Shinjuku 1968 – 2018

Il y a tout juste 50 ans, le célèbre quartier de la capitale japonaise a été un des principaux lieux d’ébullition du pays.

Shinjuku en 1968 vu par Watanabe Hitomi dans son livre 1968 Shinjuku (éd. Machikarasha, inédit en français). / Watanabe Hitomi

Ce ne sont pas des photos du passé. Ce sont des photos d’aujourd’hui”. Ces propos du célèbre photographe Araki Nobuyoshi figurent sur le bandeau du recueil réunissant les clichés réalisés par Watanabe Hitomi. Publié en 2014 par le petit éditeur Machikarasha, cet ouvrage passé presque inaperçu constitue un témoignage saisissant de ce que le Japon vivait alors, mais il est aussi le reflet de ce que le quartier de Shinjuku est devenu. Simplement intitulé 1968 Shinjuku, il nous permet de comprendre à quel point ce quartier de Tôkyô a été au cœur d’un bouillonnement culturel sans précédent et il nous donne la possibilité de s’y immerger comme si rien n’avait vraiment changé en 50 ans. Pourtant, si Shinjuku reste un lieu où bat en partie le cœur de la mégalopole nippone, il faut bien reconnaître que l’on est loin d’enregistrer la même effervescence notamment sur le plan culturel. Il faut se déplacer plus à l’ouest vers Nakano pour retrouver l’ambiance qui y régnait.
Alors que Paris allait connaître une incroyable agitation qui s’inscrira dans l’histoire sous le nom de Mai 1968, Tôkyô est au cœur d’un vaste mouvement d’agitation qui dure depuis une bonne dizaine d’années. “Je pense qu’on avait tous une sorte de colère en nous à l’époque. On était énervés contre la génération de nos parents”, confie le mangaka Sasaki Maki (voir p. 28) qui s’illustre en 1968 avec des œuvres pleines, reconnaît-il, de “rage”. “J’avais beau m’amuser et expérimenter, j’étais en colère”, ajoute-t-il dans un entretien que l’on retrouve dans le recueil de ses œuvres Charivari! publié récemment par Le Lézard noir. Outre les questions liées à l’augmentation des frais universitaires ou au renouvellement du Traité de sécurité nippo-américain qui met des millions de personnes dans les rues au début de la décennie, la guerre du Vietnam à laquelle le Japon participe indirectement puisqu’une grande partie de l’effort militaire des Etats-Unis transite par leurs bases implantées sur le territoire nippon mais aussi la prise de conscience écologique alimentent cette colère qu’évoque le dessinateur, mais qui se retrouve chez d’autres jeunes de l’époque.
Si Paris et ses barricades deviennent les symboles mondiaux de la révolte qui gagne le cœur de la jeunesse née après la Seconde Guerre mondiale, on aurait tort de ne pas s’arrêter sur ce qui s’est passé au même moment à 10 000 kilomètres.
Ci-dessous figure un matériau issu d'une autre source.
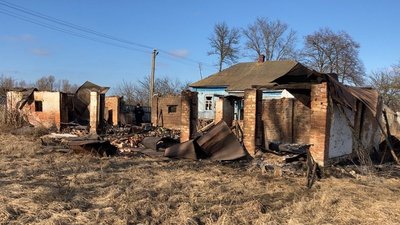 Внаслідок обстрілів на Сумщині пошкоджено 5 будинків — поліція Внаслідок обстрілів на Сумщині пошкоджено 5 будинків — поліція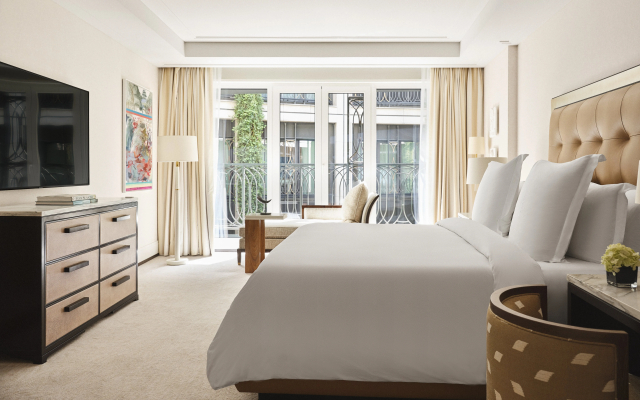 Отель Four Seasons Hotel Madrid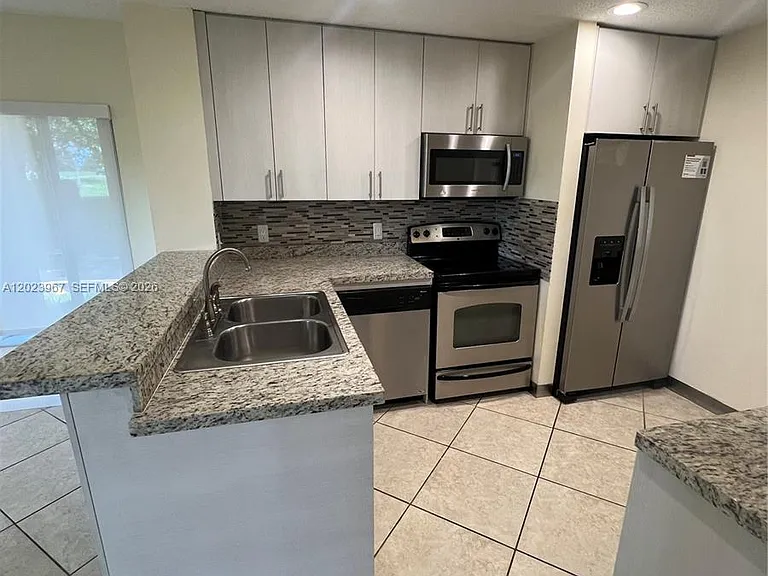 16373 Malibu Dr #51 — Photo 9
C’est la raison pour laquelle, à la veille de célébrer Mai 1968, nous voulions mettre l’accent sur Shinjuku avec les témoignages de ceux qui y passaient le plus clair de leur temps et qui l’ont vu évoluer. Un lieu de mémoire en perpétuel mouvement dont il fallait rappeler le rôle crucial dans l’histoire contemporaine du Japon afin de mieux comprendre les changements intervenus dans le pays depuis lors.